───── Provided entries ─────

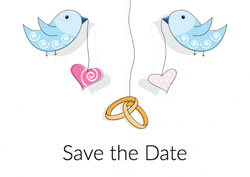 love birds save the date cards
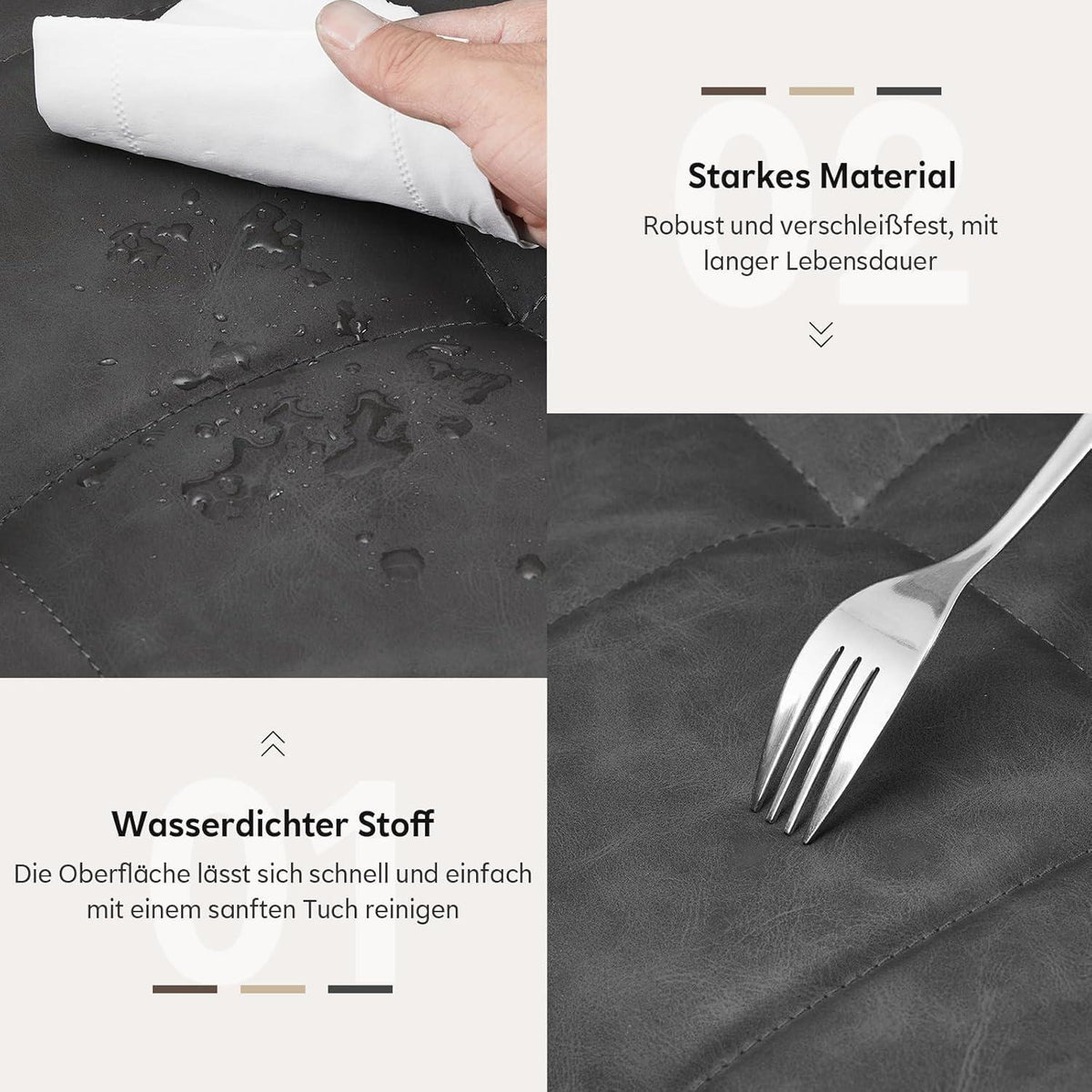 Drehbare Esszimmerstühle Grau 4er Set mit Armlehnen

─────
───── Provided entries ─────

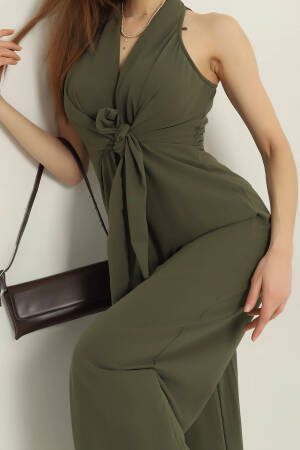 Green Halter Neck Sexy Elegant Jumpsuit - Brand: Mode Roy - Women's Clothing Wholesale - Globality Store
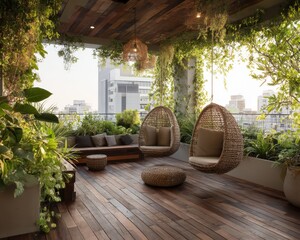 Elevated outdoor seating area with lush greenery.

─────
───── Provided entries ─────

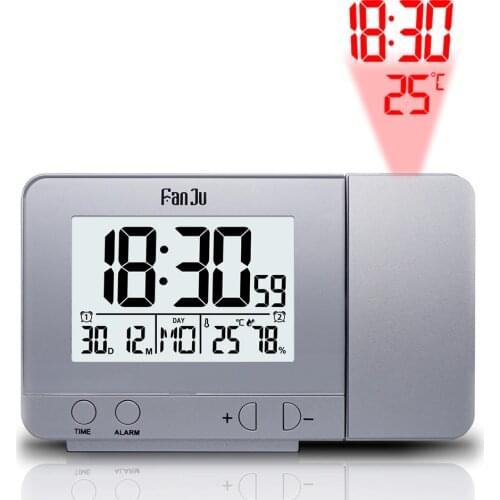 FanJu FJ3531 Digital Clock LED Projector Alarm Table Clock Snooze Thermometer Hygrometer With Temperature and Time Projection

─────

• **Description of the task**
Give again the lines of the listing above that run from the one with "love birds save the date cards" up to and including the one with "Drehbare Esszimmerstühle Grau". Keep them exact and omit the pictures.

• **Exercise answer**
 love birds save the date cards
 Drehbare Esszimmerstühle Grau 4er Set mit Armlehnen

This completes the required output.